-- Study material follows --
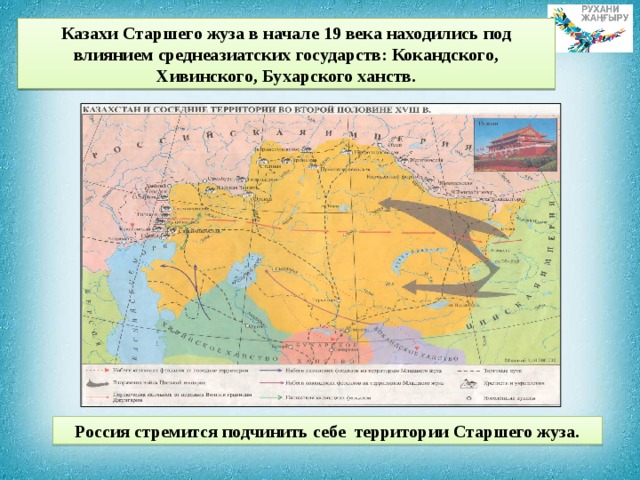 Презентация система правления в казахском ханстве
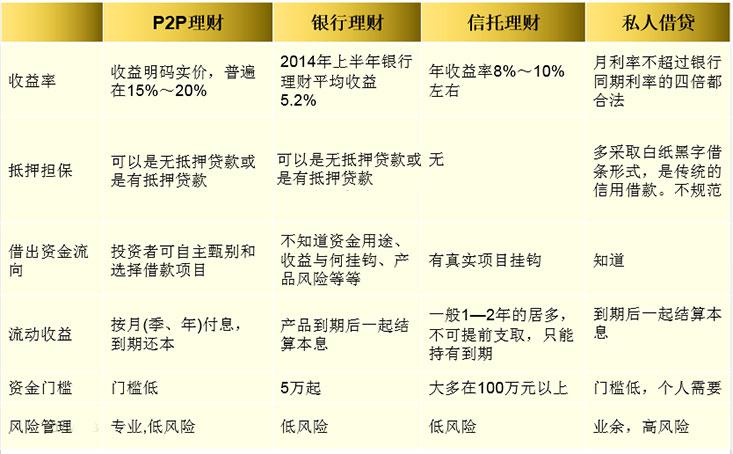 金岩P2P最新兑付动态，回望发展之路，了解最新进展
-- Study material concluded --
-- Study material follows --
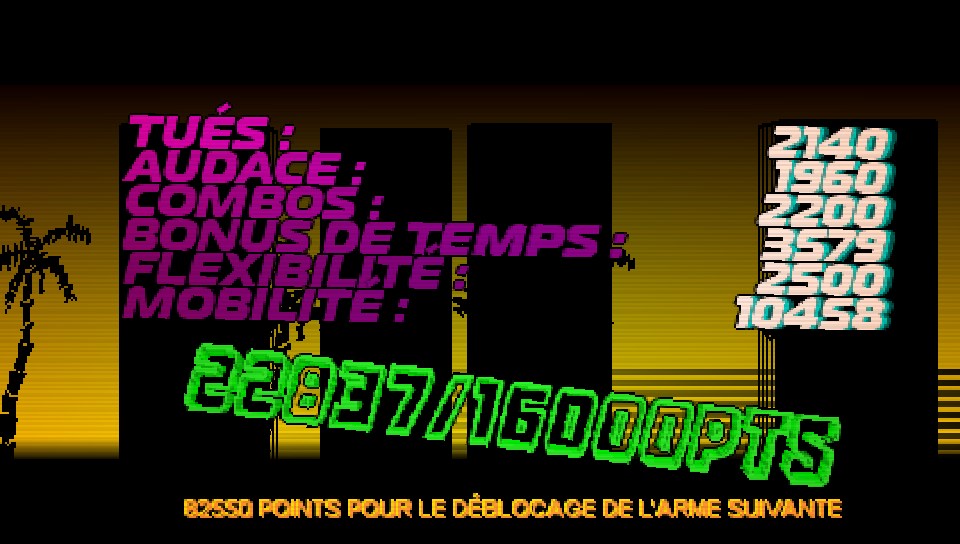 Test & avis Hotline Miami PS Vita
-- Study material concluded --
-- Study material follows --
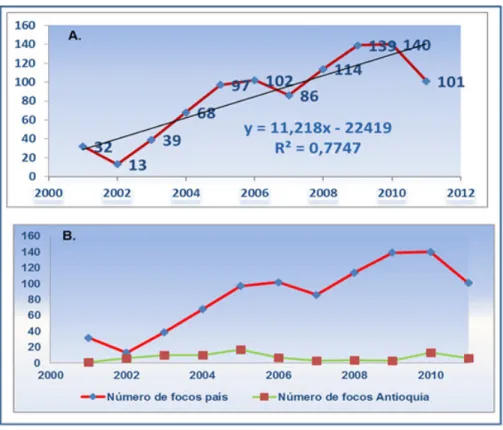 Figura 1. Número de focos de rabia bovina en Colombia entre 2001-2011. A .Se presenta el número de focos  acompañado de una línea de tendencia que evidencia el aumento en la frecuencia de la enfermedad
-- Study material concluded --
■ Exercise requirements:
In the listing above, find the line with "Презентация система правления" and the line with "金岩P2P最新兑付动态，回望发展之路，了解最新进展". Set down exactly those lines and everything between them, skipping pictures.

■ Worked solution:
 Презентация система правления в казахском ханстве
 金岩P2P最新兑付动态，回望发展之路，了解最新进展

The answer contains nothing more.